#### [What you need to do]
From the line that contains "Vintage Nike Yao" to the final line below, both included, print each line exactly and skip the pictures.

#### [Exercise material]
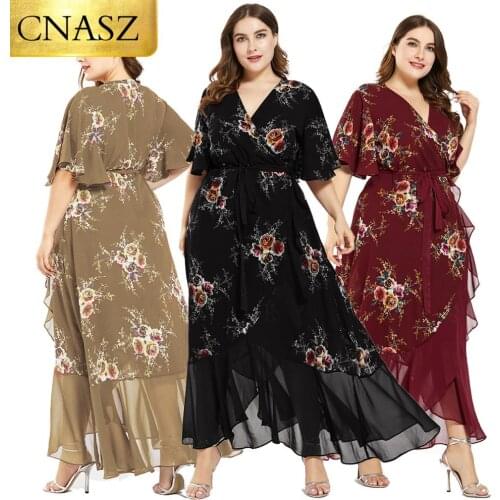 New design Summer Plus Size Dress Womens Printed Chiffon Stitching Fashion Slit Irregular Ladies Floral Maxi Dress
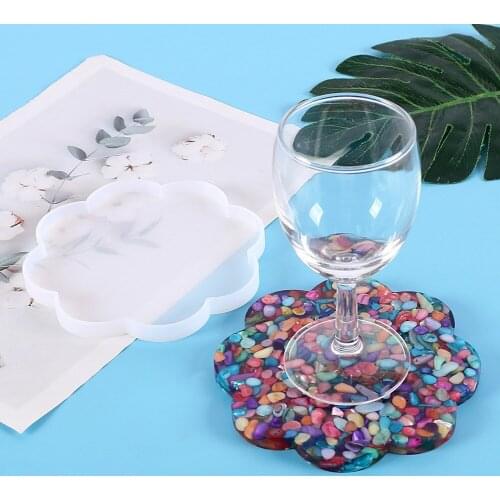 DIY Crystal Epoxy Mold, Plum-shaped Coaster, Mirror Resin, Manual Setting, Creative Handmade Silicone Model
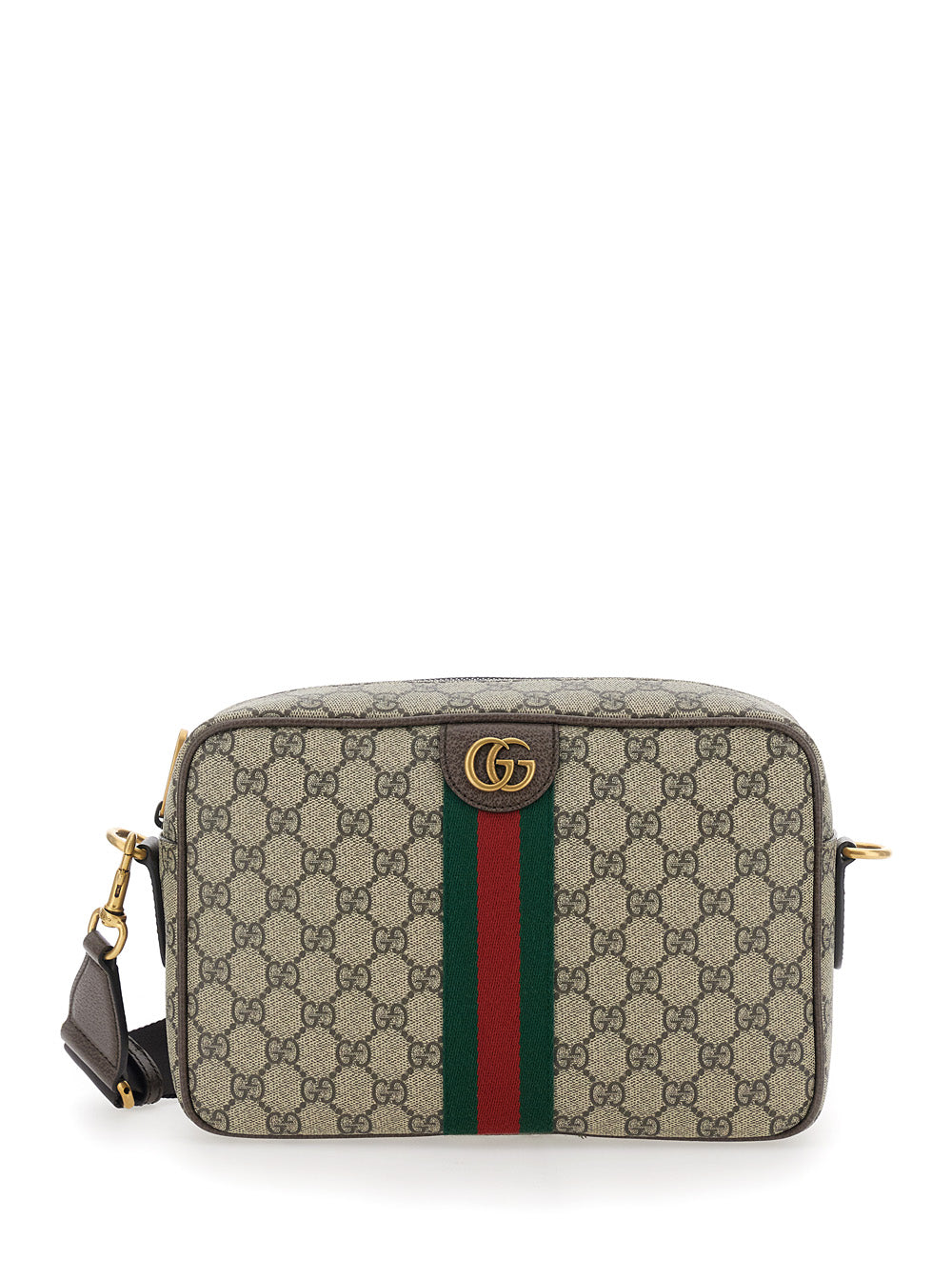 Gucci Men Crossbody Bag 'Ophidia' With Adjustable Strap And Gg Plaque With Web Detail On The Front In Gg Canvas Beige Men GUCCI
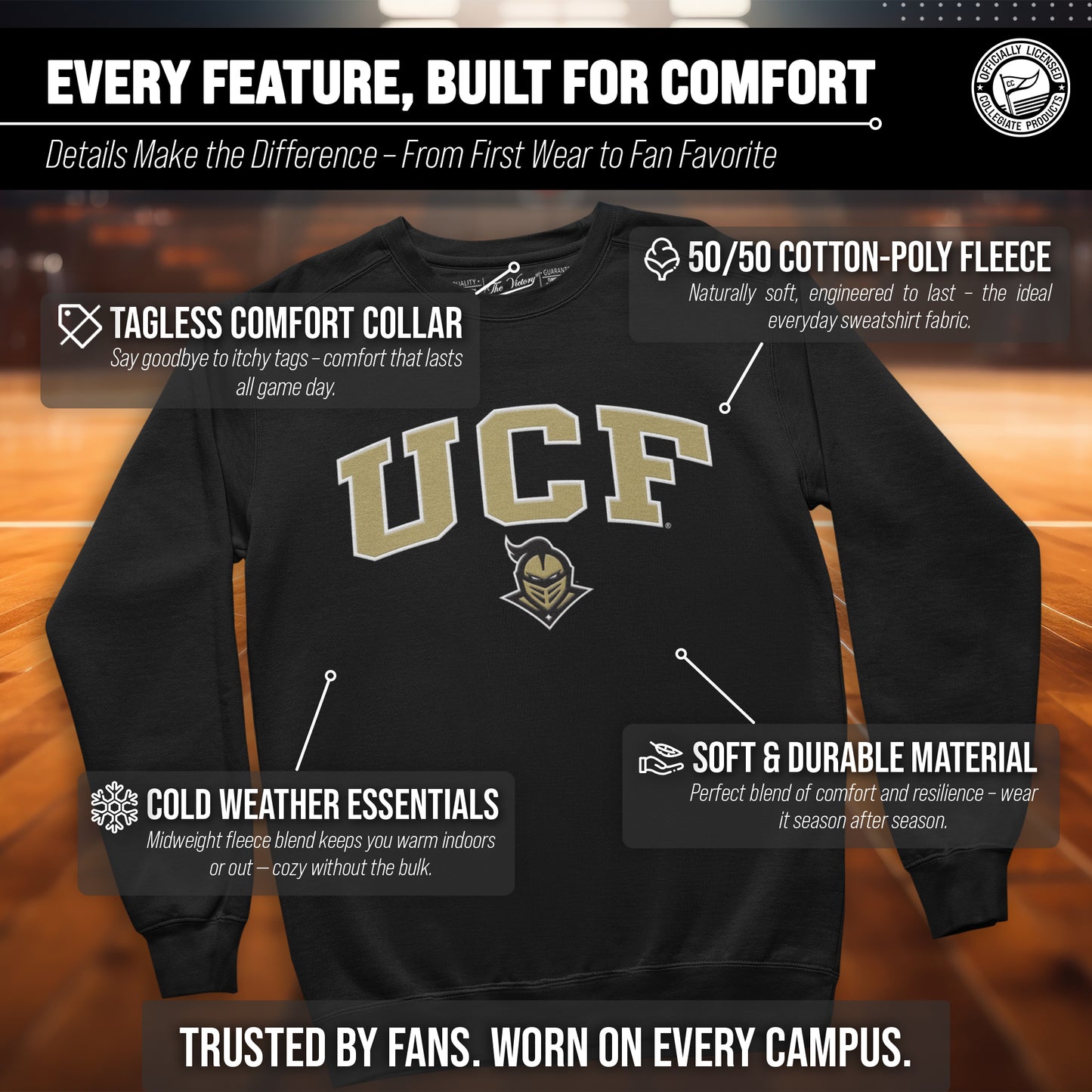 Central Florida Knights Adult Tackle Twill Crewneck - Black
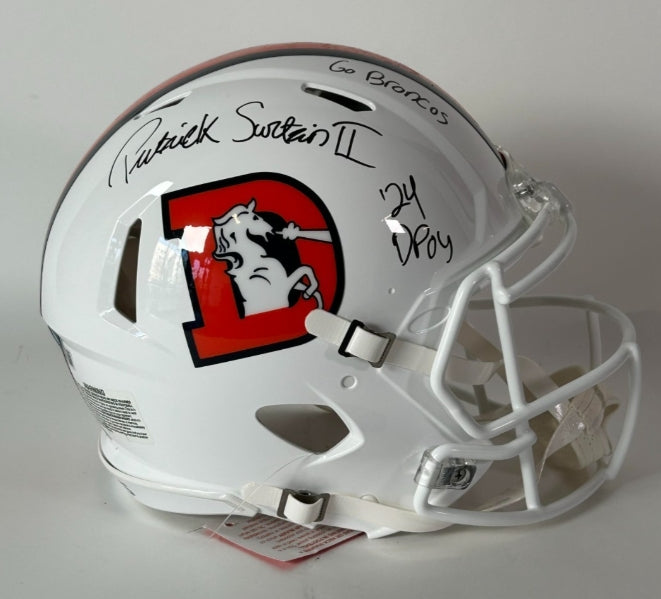 Patrick Surtain II Autographed/2X Inscribed "24 DPOY" and "Go Broncos" Pro Snowcapped Broncos Helmet BAS COA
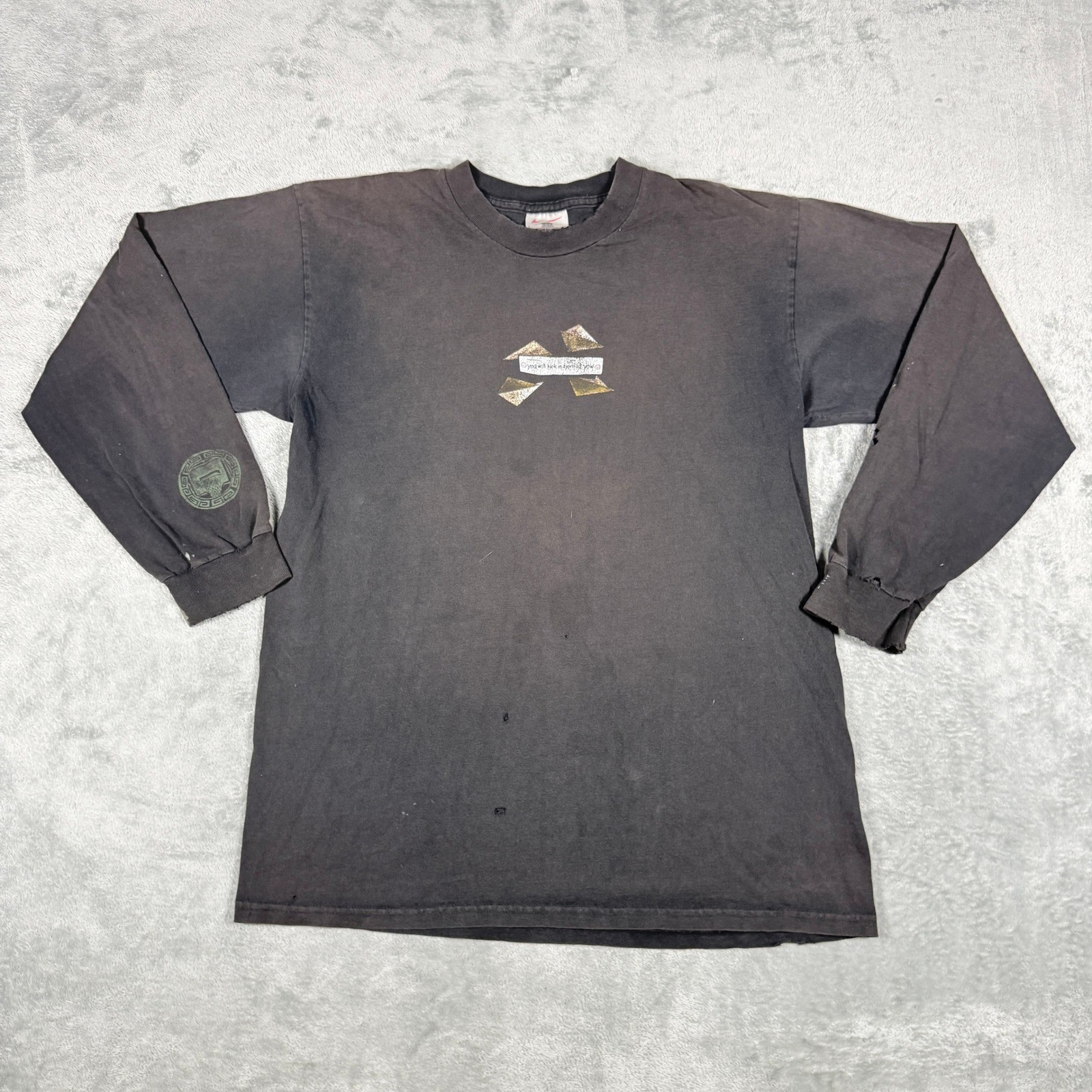 Vintage Nike Yao Ming Dragon NBA Long Sleeve Shirt Mens Medium Black Distressed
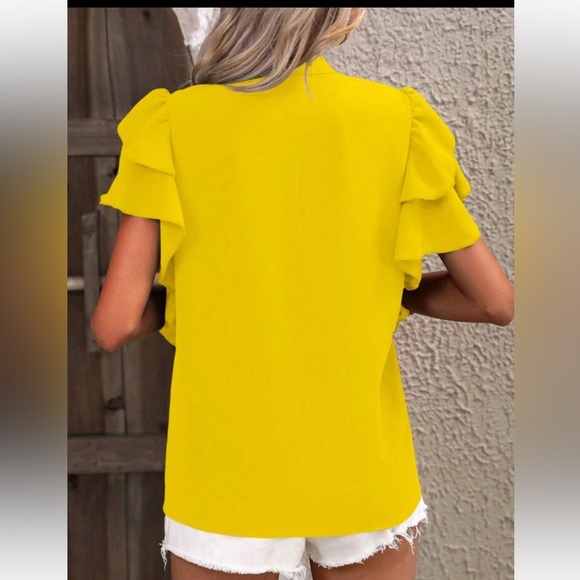 Elegant Classic Ruffle Butterfly Flutter Sleeve Top Blouse Shirt Yellow - Picture 2 of 16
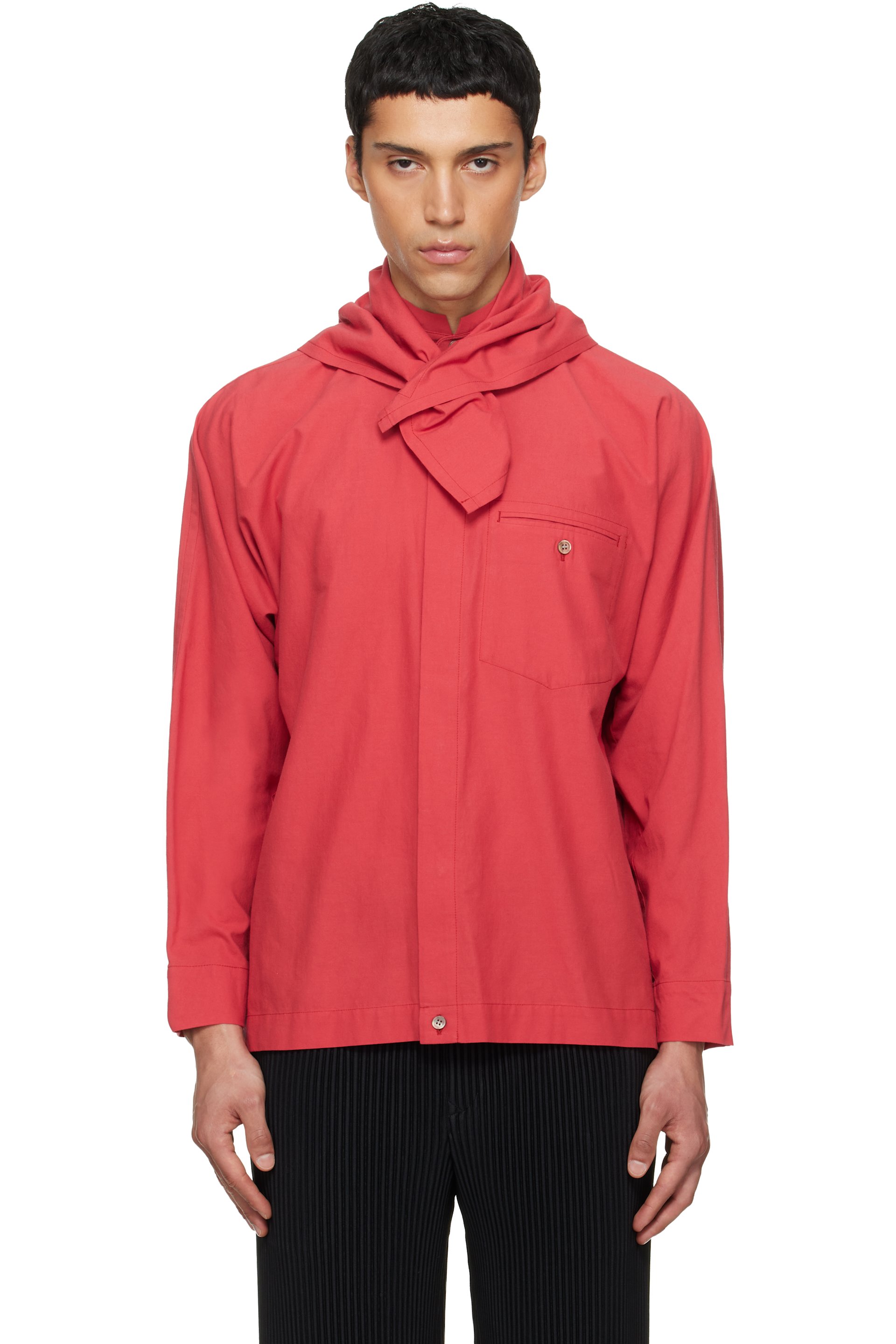 HOMME PLISSÉ ISSEY MIYAKE: Red Streamline Shirt | SSENSE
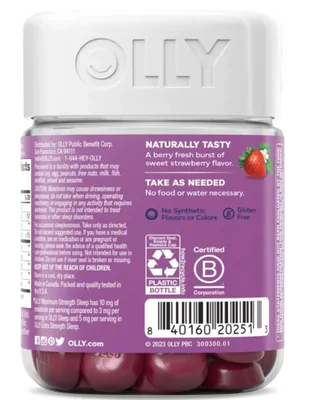 Max Strength Sleep, Melatonina 10mg,  L-teanina, Camomila e Erva-cidreira,  50 Gomas Sabor morango, Olly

#### [Answer to this problem]
 Vintage Nike Yao Ming Dragon NBA Long Sleeve Shirt Mens Medium Black Distressed
 Elegant Classic Ruffle Butterfly Flutter Sleeve Top Blouse Shirt Yellow - Picture 2 of 16
 HOMME PLISSÉ ISSEY MIYAKE: Red Streamline Shirt | SSENSE
 Max Strength Sleep, Melatonina 10mg,  L-teanina, Camomila e Erva-cidreira,  50 Gomas Sabor morango, Olly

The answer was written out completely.